It’s a difficult question for a rabbi to deal with—although the author of this article did pretty well- because it’s difficult to know what the real underlying question is: Why doesn’t this person like going to shul—is it because he doesn’t know the meaning of the words he is saying? Is it because he draws no comfort from attending a service with people he doesn’t know? Is it because he is unfamiliar with the service?

Similarly, there are many people who are beginning to ask themselves if a minyan could be made online? These don’t seem like related questions, but they are, in that they come from a place where we are unfamiliar with our communities—we no longer need to fear friendship with non-Jews, but in doing so, many of us have failed to develop relationships with our own family, our own tradition – and then, when we seek comfort from it, we find it alien.

I wonder what the boundaries are for our ability to Jewish when we are not face-to-face. Going to shul is such an important part of being in the Jewish community—even for those who don’t love prayer, or don’t understand it well. And what, also, do we say to the person who doesn’t like shul: of course we hope they’ll connect in other ways, but it seems wrong to simply let the person give up on one of the ways we have to directly connect with one another—people we may have nothing in common with, other than being there for each other at a difficult time. And what of the idea that perhaps it isn’t only about you—that it is for others—God, our people, the deceased—that we do these things?
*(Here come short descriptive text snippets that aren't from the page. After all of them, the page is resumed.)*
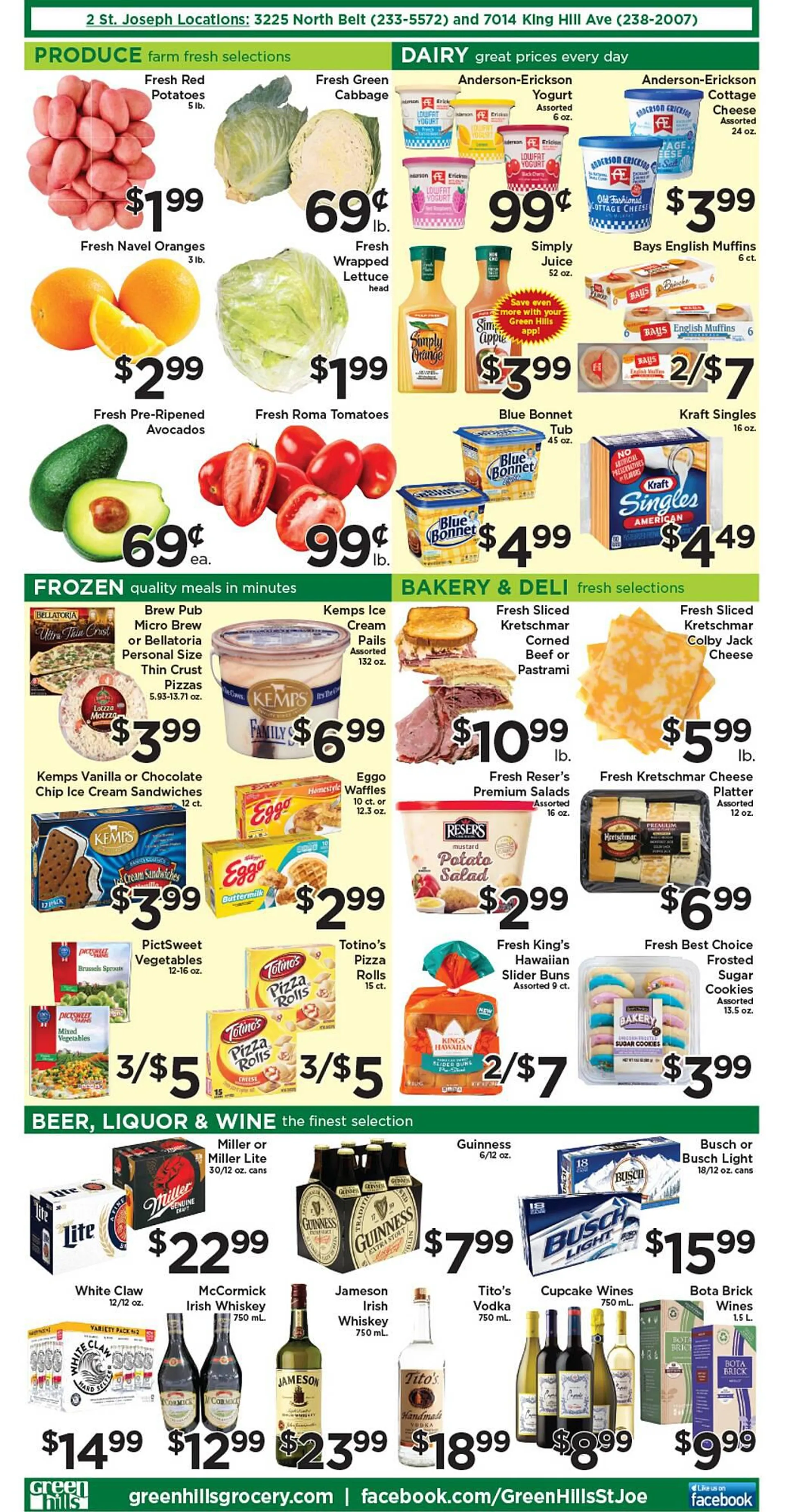 Green Hills Grocery ad - 2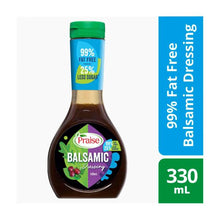PRAISE DRESSING BALSAMIC 99% FAT FREE 25% LESS SUGAR 330ML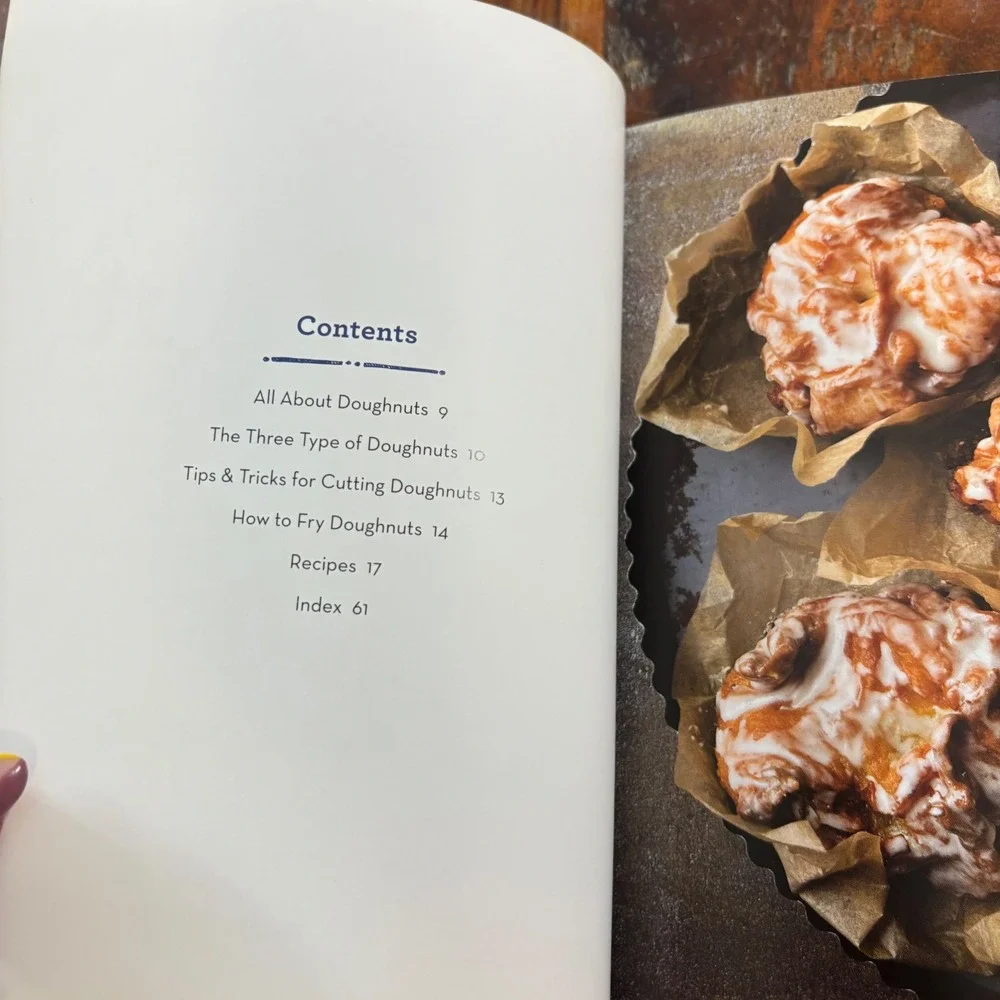 Williams Sonoma The Doughnut Cookbook Baked & Fried Recipes Hardcover 2016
The internet sometimes gets proposed as a solution to this (and related) problems. But even if we set aside the problem of using electronic networks on Shabbat and other restrictive days, how much benefit to us as individuals or as a people could there be in a connection which never demands anything of us (because, for example, how can you bring food to the mourning community member who lives more than a day’s drive away?), and what happens to the idea of a people, even?

And yet, I do think that there is something to be gained from an internet community. I do see how it has enabled me to reconnect with people far from me and stay connected to people I might not otherwise stay connected with, even if it is not the same as the relationships I have with the people who are right here, next door.

What do you think those limitations are? Can we build true Jewish communities online?